For the very first time, a rotor blade with bend-twist coupling was tested at Fraunhofer IWES´ rotor blade test rig. Although the setup for the rotor blade torsion test is similar to the scenario for static testing, it is in fact more complex as the additional deformation has to be measured precisely.
During the rotation of a large wind turbine with rotor blades 80 metres and longer, each rotor blade is intermittently positioned close to the ground and a short time later at a height of around 200 metres. Due to the uneven wind distribution between ground level and the top section of the wind turbine, rotor blades are subjected to strong fluctuations in wind load.
At the Center for Lightweight-Production-Technology (ZLP), located at the DLR site in Germany, scientists from the DLR Institute of Composite Structures and Adaptive Systems have produced a 20-metre-long rotor blade with structural bending torsion coupling. In doing so, the materials of the blade (glass-fibre reinforced plastic, wood and plastic foam) are placed in such a way that under wind load the blade not only bends backwards, but above all twists.
Rotor blades with bending torsion coupling are able to independently adapt their geometry to the wind conditions. At higher wind speeds the rotor blade twists, thus exposing less contact surface to the wind, which enables the load on the installation to be reduced.

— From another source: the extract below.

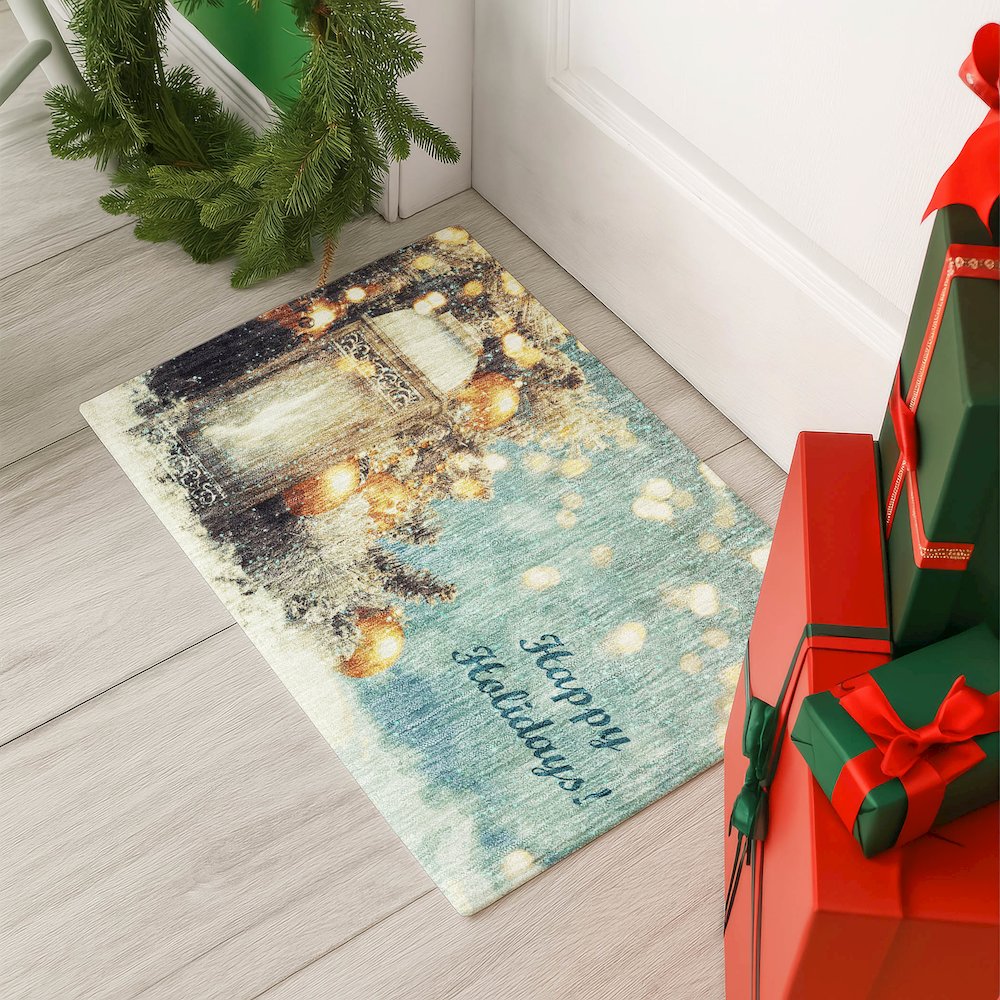 Luxury Washable Indoor/Outdoor Merry & Bright Skydust 1'8" x 2'6" Rug. Picture 5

The aim of the accompanying measuring campaign is to determine whether the load reduction thanks to BTC seen in the simulation can be recreated under real-life conditions and whether its effect is as pronounced as expected. Within the coming year the scientists will produce a complete three-blade rotor with the same dimensions, which they will subject to open air wind turbine testing under realistic load and weather conditions at the US National Renewable Energy Laboratory (NREL).